In 1823, the Anti-Slavery Society was founded in London. Members included Joseph Sturge, Thomas Clarkson, William Wilberforce, Henry Brougham, Thomas Fowell Buxton, Elizabeth Heyrick, Mary Lloyd, Jane Smeal, Elizabeth Pease, and Anne Knight. Jamaican mixed-race campaigners such as Louis Celeste Lecesne and Richard Hill were also members of the Anti-Slavery Society.
During the Christmas holiday of 1831, a large-scale slave revolt in Jamaica, known as the Baptist War, broke out. It was organised originally as a peaceful strike by the Baptist minister Samuel Sharpe. The rebellion was suppressed by the militia of the Jamaican plantocracy and the British garrison ten days later in early 1832. Because of the loss of property and life in the 1831 rebellion, the British Parliament held two inquiries. The results of these inquiries contributed greatly to the abolition of slavery with the Slavery Abolition Act 1833.

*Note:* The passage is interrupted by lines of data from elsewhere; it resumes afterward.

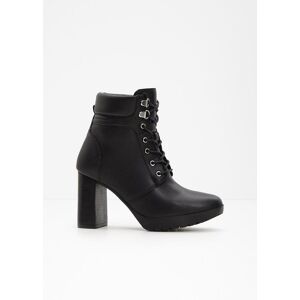 bonprix Stivaletti stringati con tacco alto 40 bonprix Stivaletti stringati con tacco alto 40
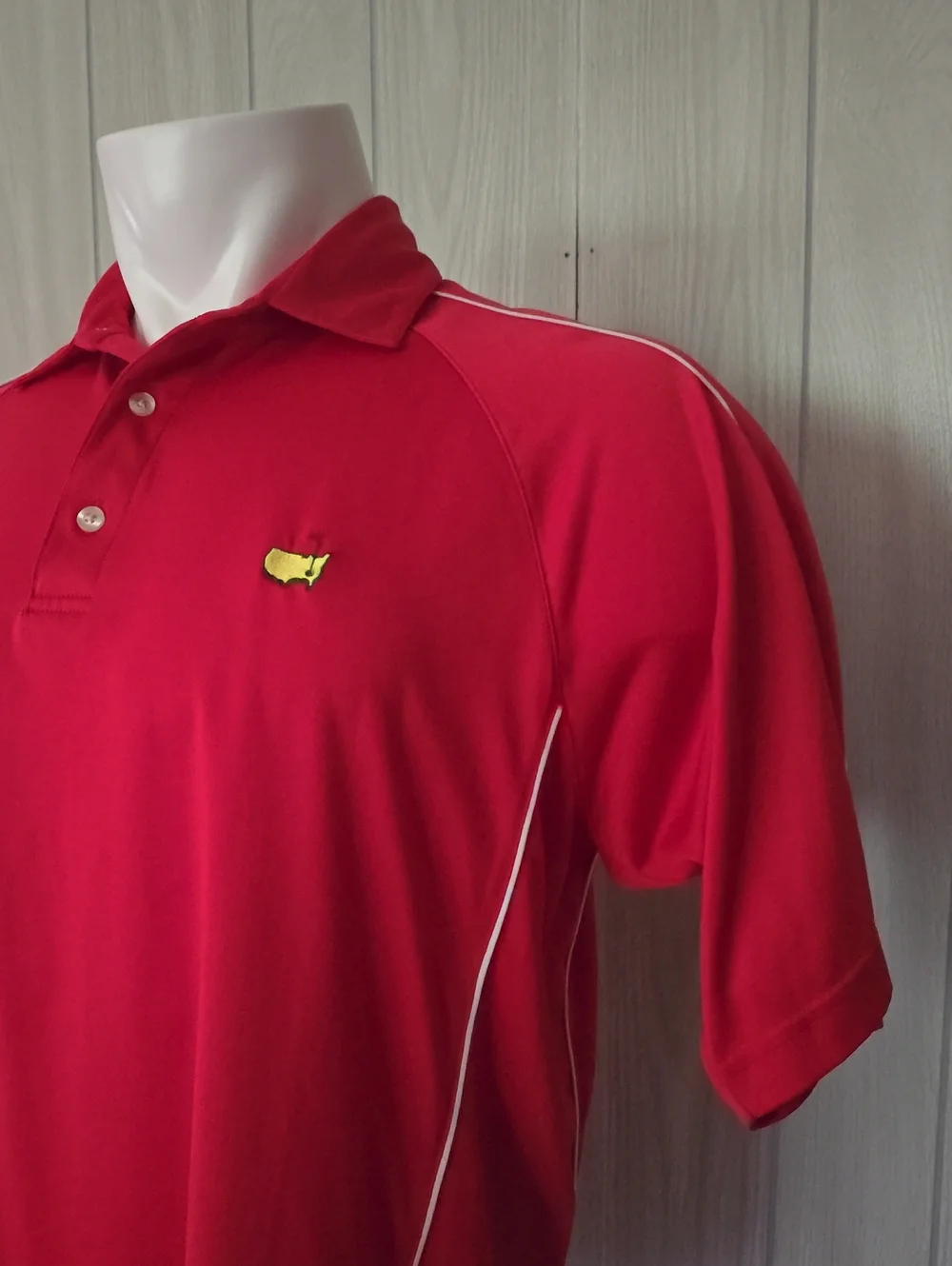 Masters Performance | Red Polo Shirt - Picture 2 of 8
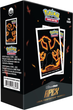 Обкладинки для колекційних карток Ultra Pro: Pokémon - Apex Deck Protector Sleeves - Neon Kanto - Charizard (0074427166564) - зображення 1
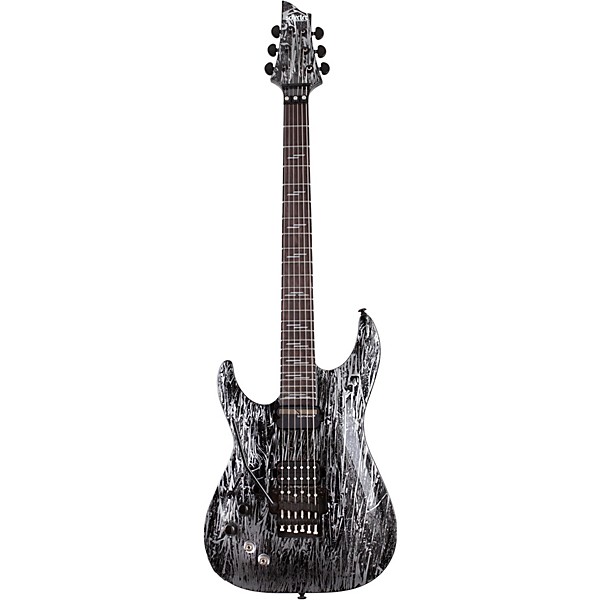 Schecter Guitar Research C-1 FR-S Silver Mountain Left-Handed Electric Guitar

Up until then, sugar planters from rich British islands such as the Colony of Jamaica and Barbados were able to buy rotten and pocket boroughs, and they were able to form a body of resistance to moves to abolish slavery itself. This West India Lobby, which later evolved into the West India Committee, purchased enough seats to be able to resist the overtures of abolitionists. However, The Reform Act 1832 swept away their rotten borough seats, clearing the way for a majority of members of the House of Commons to push through a law to abolish slavery itself throughout the British Empire.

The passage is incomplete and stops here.